The updated NCCN Guidelines® recommend consideration of metastatic tumor testing for microsatellite instability–high or dMMR status. For adenocarcinoma CRPC without visceral metastases, patients with prior abiraterone or enzalutamide therapy should be considered for treatment with docetaxel or radium-223, or pembrolizumab for patients whose tumors test positive for high microsatellite instability or dMMR.
“In the second-line mCRPC setting, pembrolizumab is appropriate in men with MMR deficiency/microsatellite instability–high status,” Dr. Antonarakis said. “In patients with germline or somatic HRD mutations, investigational PARP [poly (ADP-ribose) polymerase] inhibitor therapy may be considered.”
However, the FDA approval of pembrolizumab for dMMR or microsatellite instability–high tumors was based on tumor response data that included only two patients with prostate cancer, Antonarakis noted.
DNA repair deficiencies can also be the result of inherited germline mutations, and this possibility should be explored as part of patients’ initial risk stratification. Upon diagnosis with prostate cancer, patients should be asked about any known high-risk germline mutations and careful genomic family histories should be undertaken, according to the updated NCCN recommendations.
Family histories indicative of germline mutations include a brother, father, or multiple family members having been diagnosed with prostate cancer before age 60 years, or more than one relative with breast, ovarian, or pancreatic cancer, which can suggest heritable BRCA2 mutations-or more than one relative with colorectal, endometrial, gastric, ovarian, pancreatic, small bowel, urothelial, kidney, or bile duct cancer, which might result from Lynch syndrome, said James L. Mohler, MD, of the Roswell Park Comprehensive Cancer Center in Buffalo, New York. Ashkenazi Jewish ancestry is also a familial risk factor.

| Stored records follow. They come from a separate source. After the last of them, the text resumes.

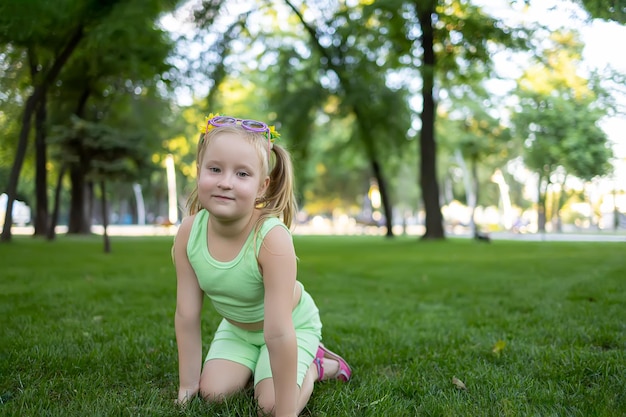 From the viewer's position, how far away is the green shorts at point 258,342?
2.71 meters

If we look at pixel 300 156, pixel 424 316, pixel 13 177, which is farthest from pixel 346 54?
pixel 424 316

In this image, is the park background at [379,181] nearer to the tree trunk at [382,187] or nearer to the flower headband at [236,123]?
the tree trunk at [382,187]

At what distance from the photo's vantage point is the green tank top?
7.99ft

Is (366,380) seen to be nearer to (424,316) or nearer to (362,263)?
(424,316)

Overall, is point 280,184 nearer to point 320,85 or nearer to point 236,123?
point 236,123

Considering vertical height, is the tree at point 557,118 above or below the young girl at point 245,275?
above

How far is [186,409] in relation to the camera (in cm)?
245

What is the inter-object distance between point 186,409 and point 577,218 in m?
57.0

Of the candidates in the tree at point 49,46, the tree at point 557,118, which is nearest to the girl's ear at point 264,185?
the tree at point 49,46

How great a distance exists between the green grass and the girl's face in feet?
3.01

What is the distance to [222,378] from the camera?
2.69 meters

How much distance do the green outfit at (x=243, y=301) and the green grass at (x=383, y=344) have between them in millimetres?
203

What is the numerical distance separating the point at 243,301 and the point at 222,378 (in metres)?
0.42

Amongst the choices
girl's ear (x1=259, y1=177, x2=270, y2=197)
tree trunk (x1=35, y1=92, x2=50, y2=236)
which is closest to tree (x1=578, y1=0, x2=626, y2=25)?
girl's ear (x1=259, y1=177, x2=270, y2=197) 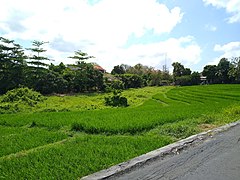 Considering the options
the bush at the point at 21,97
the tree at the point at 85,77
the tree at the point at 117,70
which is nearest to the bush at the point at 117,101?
the bush at the point at 21,97

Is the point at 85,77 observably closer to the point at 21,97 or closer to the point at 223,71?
the point at 21,97

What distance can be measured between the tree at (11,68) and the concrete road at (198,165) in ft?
105

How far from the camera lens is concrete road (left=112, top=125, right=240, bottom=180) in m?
4.75

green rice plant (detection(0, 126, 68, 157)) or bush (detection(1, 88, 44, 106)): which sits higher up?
bush (detection(1, 88, 44, 106))

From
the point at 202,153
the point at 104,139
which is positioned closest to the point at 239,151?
the point at 202,153

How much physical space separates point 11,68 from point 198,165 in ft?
110

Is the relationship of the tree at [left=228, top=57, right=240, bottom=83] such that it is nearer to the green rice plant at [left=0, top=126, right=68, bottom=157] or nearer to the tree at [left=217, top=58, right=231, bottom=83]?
the tree at [left=217, top=58, right=231, bottom=83]

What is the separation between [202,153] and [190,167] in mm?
1278

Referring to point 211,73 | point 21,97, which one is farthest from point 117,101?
point 211,73

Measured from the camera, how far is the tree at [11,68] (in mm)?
34281

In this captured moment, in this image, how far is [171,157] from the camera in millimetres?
6086

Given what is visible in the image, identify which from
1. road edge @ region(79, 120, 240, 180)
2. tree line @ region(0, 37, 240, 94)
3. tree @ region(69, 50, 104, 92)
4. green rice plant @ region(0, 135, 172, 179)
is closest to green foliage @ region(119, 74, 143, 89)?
tree line @ region(0, 37, 240, 94)

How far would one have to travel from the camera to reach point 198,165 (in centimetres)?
540

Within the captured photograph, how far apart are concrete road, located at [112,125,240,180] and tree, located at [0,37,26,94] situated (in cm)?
3210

The updated NCCN recommendations include consideration of genetic counseling and germline testing for HR mutations among men with imaging-confirmed mCRPC. The FDA granted olaparib breakthrough therapy designation for treating mCRPC positive for BRCA1, BRCA2, or ATM mutations. In 2018, rucaparib was similarly granted breakthrough therapy designation for BRCA1/2-mutated mCRPC among patients who had received at least one prior androgen receptor–directed therapy and taxane-based chemotherapy.
Germline testing can be undertaken using next-generation whole-genome sequencing or targeted exomic gene testing, noted Mohler. Costs for whole-genome testing continue to decline, making that option more attractive.
“By reducing cost with targeted sequencing, you could miss mutations that affect patients and their treatment later on,” cautioned Mohler.